The PureCloud secured API was announced, to the surprise of the company, a year later. Of course, there was a newly minted group of hand-picked talent who were in the know. They had received their MacBook Pros a week earlier so they could create a product suite out of this industry-first contact center API platform. In fact, one of the highlights of my career was to be a part of the first cloud-native contact center product suite made entirely from a public API.

This was an exhilarating time for me. All the stories of sex, drugs, and rock ‘n roll aren’t entirely correct. There was no sex nor drugs. (Frankly, there was no time.) It was just a bunch of rock stars that sold all of their notions of corporate-crap development for a new world of openness and trust. I should know, I was a software engineer through the banking and healthcare industries — and some of my colleagues were searching for something better.

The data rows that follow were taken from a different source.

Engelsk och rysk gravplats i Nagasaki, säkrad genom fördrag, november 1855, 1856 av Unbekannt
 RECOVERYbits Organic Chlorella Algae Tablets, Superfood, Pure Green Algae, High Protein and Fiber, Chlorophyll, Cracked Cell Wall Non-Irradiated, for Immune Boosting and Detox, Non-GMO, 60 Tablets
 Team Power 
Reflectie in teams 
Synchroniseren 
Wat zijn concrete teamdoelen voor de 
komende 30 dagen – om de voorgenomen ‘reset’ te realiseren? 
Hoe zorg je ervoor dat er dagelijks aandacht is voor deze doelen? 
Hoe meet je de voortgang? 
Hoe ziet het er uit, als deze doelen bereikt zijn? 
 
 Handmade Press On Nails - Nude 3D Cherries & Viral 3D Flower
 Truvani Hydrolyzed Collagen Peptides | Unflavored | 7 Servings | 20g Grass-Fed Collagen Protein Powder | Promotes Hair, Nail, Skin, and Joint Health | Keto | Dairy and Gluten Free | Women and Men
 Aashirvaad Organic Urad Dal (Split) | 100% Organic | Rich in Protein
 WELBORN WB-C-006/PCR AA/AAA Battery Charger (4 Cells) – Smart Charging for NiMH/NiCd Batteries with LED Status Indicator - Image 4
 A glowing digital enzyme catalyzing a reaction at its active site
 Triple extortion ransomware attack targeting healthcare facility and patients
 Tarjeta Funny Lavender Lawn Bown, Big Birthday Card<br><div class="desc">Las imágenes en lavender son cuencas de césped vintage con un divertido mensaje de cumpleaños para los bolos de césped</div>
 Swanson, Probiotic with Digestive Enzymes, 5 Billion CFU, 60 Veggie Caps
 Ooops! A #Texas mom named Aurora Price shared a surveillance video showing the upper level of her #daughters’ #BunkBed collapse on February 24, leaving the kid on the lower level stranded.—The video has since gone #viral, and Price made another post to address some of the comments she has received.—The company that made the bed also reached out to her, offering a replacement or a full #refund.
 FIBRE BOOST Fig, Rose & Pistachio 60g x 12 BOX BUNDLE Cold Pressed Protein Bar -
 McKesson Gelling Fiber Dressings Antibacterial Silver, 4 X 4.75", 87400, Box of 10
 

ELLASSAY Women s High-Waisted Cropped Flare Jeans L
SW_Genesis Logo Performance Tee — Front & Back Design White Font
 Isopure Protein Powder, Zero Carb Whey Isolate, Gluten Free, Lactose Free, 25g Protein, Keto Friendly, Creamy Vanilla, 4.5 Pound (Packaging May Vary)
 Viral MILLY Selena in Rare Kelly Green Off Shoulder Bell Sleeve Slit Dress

We knew what it was like to protect your code-feature turf and to become the bottleneck for new features. As a traditional engineer, your value was based on the code-features you controlled. So, you can imagine why innovation slows down — everyone is spending their time being cautious that no one is encroaching on their “value turf.” (I’m not suggesting malicious intent, just the biases created in the typical development environment). This sentiment simply ripples adversely to the customer and traditional customer expectations.

My mind was blown to see how distributed power operates internally. We all embraced this change together as a family.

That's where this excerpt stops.